Avant l'arrivée de Yasser Arafat et de l'Autorité palestinienne, en 1994, ses employeurs traitaient «plutôt bien» Abou Falah. Mais, ensuite, les choses ont changé. «Ils nous demandaient de travailler plus qu'on ne pouvait. Si on refusait de faire quelque chose, on se retrouvait sans emploi le lendemain.» «Vous n'avez qu'à repartir chez vous», lui lançaient les occupants.

Mais si le cœur d'Abou Falah est «empli de désastre», c'est depuis l'année 2002. Lors d'une confrontation avec l'armée, dans le camp de réfugiés voisin de Deir el-Balah, un de ses petits-fils a été tué par les soldats. Prétextant un changement de statut, les Israéliens ont ensuite saisi tous les permis de travail des hommes de la famille. «Restez à la maison, on vous appellera», leur ont-ils dit. Les Israéliens craignaient une revanche de la famille. Ils n'ont jamais rappelé. Depuis lors, plus aucun membre de la famille n'a trouvé de travail.

«Les Israéliens m'ont pris mes terres, mon petit-fils, puis mon travail, résume l'homme. Je ne veux plus jamais les voir.» En parlant, Abou Falah, agite ses grosses mains noires dans le cabanon de tôle ondulée qui lui sert à accueillir les invités. Ses propos suscitent la discussion. Car son voisin Suleiman, lui, retournerait travailler demain chez les Israéliens, s'il le pouvait. «Je suis heureux de leur départ, se justifie-t-il. Mais, depuis une semaine, j'achète les choses à crédit au marché. Jusqu'à maintenant, personne ne nous a aidés. Personne ne se soucie de nous.» Suleiman, lui aussi, a deux femmes. L'une d'elles a des problèmes de reins. Et son traitement médical coûte très cher.

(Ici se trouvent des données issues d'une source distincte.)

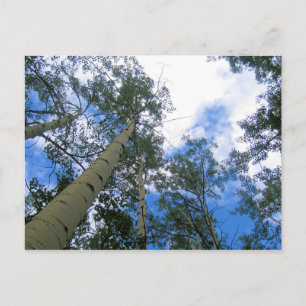 Carte postale Colorado Sky Thru the Aspens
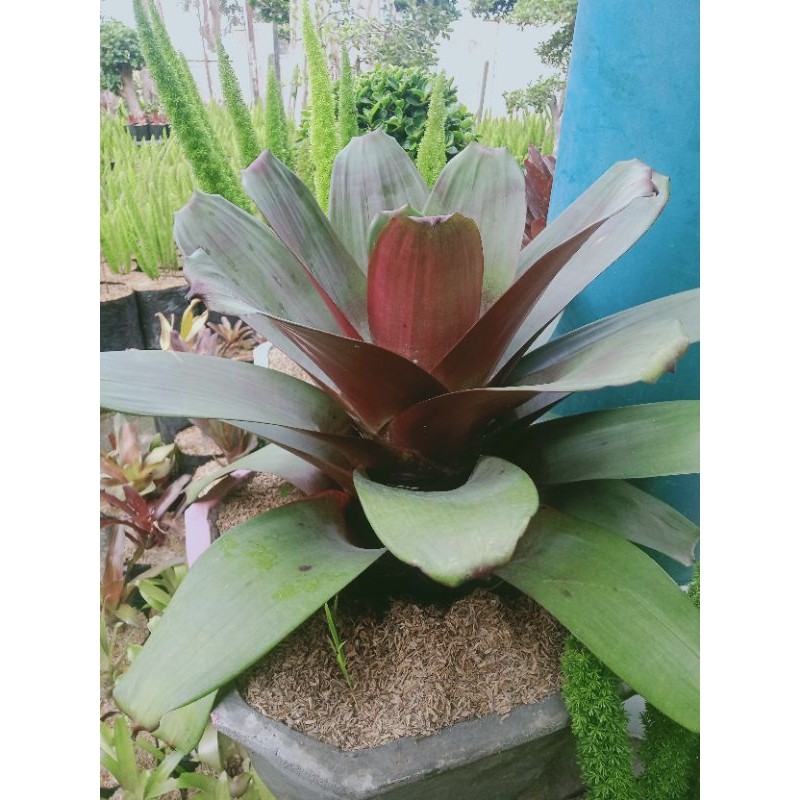 bibit bromelia giant merah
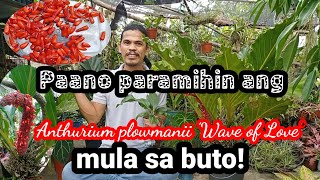 PAANO PARAMIHIN ANG Anthurium plowmanii Wave of Love [upl. by Noloc8]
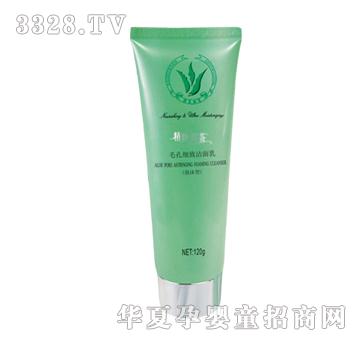 圣安精纯芦荟毛孔细致洁面乳泡沫型120g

De fait, l'Autorité palestinienne a promis – par la bouche de son homme fort à Gaza, Mohamed Dahlan – de s'occuper en priorité des quelque 3500 Palestiniens qui travaillaient dans les colonies israéliennes et qui viennent aujourd'hui grossir les rangs des miséreux de l'étroite bande. Jusqu'à la seconde Intifada, des milliers de Palestiniens gagnaient leur vie aussi dans la zone industrielle d'Erez, au seul point de passage avec Israël que pouvaient emprunter les habitants de cette frange verrouillée à double tour. Mais personne ne sait quel sort leur réservera l'Etat hébreu lorsque le dernier colon sera parti de Gaza.